I am surprised at how much `chrono` pulls in but almost all of that is for specific platforms and `chrono` shrinks dramatically when looking only at the native platform.

I do see some stray dependencies that have built-in equivalents (lazy_static -> OnceCell, atty -> IsTerminal). Some of that is due to compatibility with old Rust versions. There were only a couple of these.

bastawhiz · 2024-04-08T01:20:08.000000Z

> Is the Rust ecosystem just dependency hell?

Dependency hell is a consequence of the developer's choices, not the ecosystem. The most foundational packages in any ecosystem for any language almost always have a trivial number of dependencies, and not because those packages have no needs.
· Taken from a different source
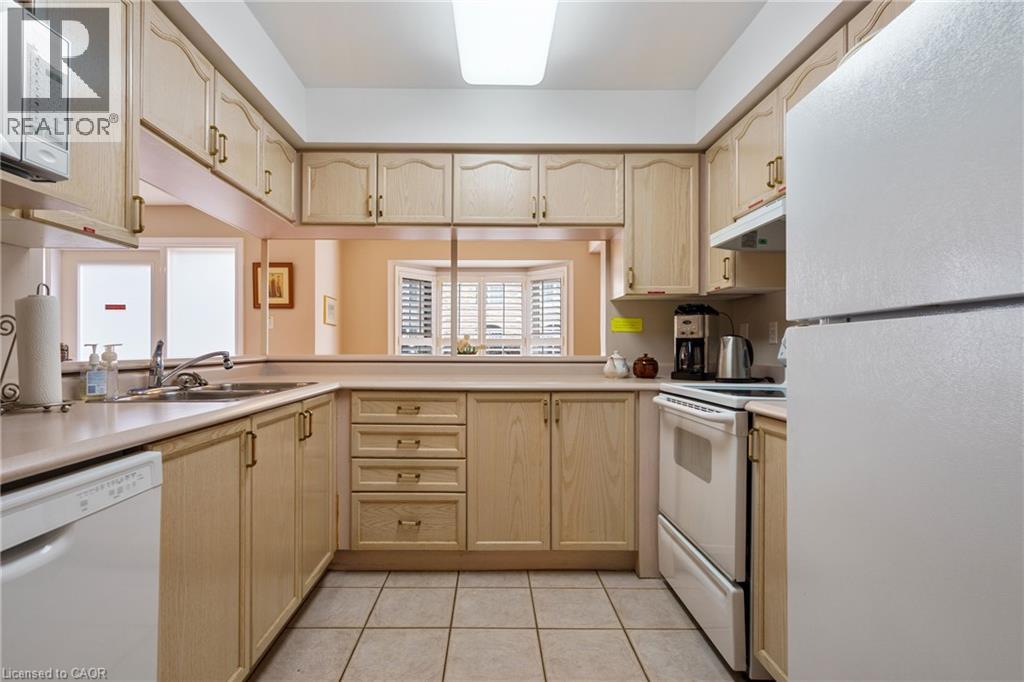 216 Plains Road W Unit# A304, Burlington, Ontario L7T 4K8 - Photo 38 - 40772578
lpribis · 2024-04-07T21:15:22.000000Z

> Is the Rust ecosystem just dependency hell?

Not quite to the extent of the js ecosystem, but yes. Especially for a purported systems language there's a lefpad-esque problem of people making tiny and somewhat useless libraries to learn or pad their resume which then get depended on by the world.

duped · 2024-04-08T14:00:45.000000Z

> sometimes multiple versions of the same library

If foo needs bar at ^1 and baz needs bar at ^2 and you need foo and baz then your compile would fail if multiple versions weren't allowed. In other words, this is a feature not a bug.

> Is the Rust ecosystem just dependency hell?

No because "dependency hell" is where you can't resolve dependencies because of simple issues like above in ecosystems that can't handle it.

Also, currently the compilation unit in Rust is a single crate. If you had a lock file that contained all the .o files generated by all your dependencies in C it would be massive too!

mgaunard · 2024-04-09T15:01:27.000000Z

Dependency hell means having many dependencies that are related to each other in non-trivial ways, making it difficult to ensure a compatible set of versions is maintained.

tialaramex · 2024-04-07T23:29:12.000000Z

My understanding is that a "dependency hell" first has to be a hell.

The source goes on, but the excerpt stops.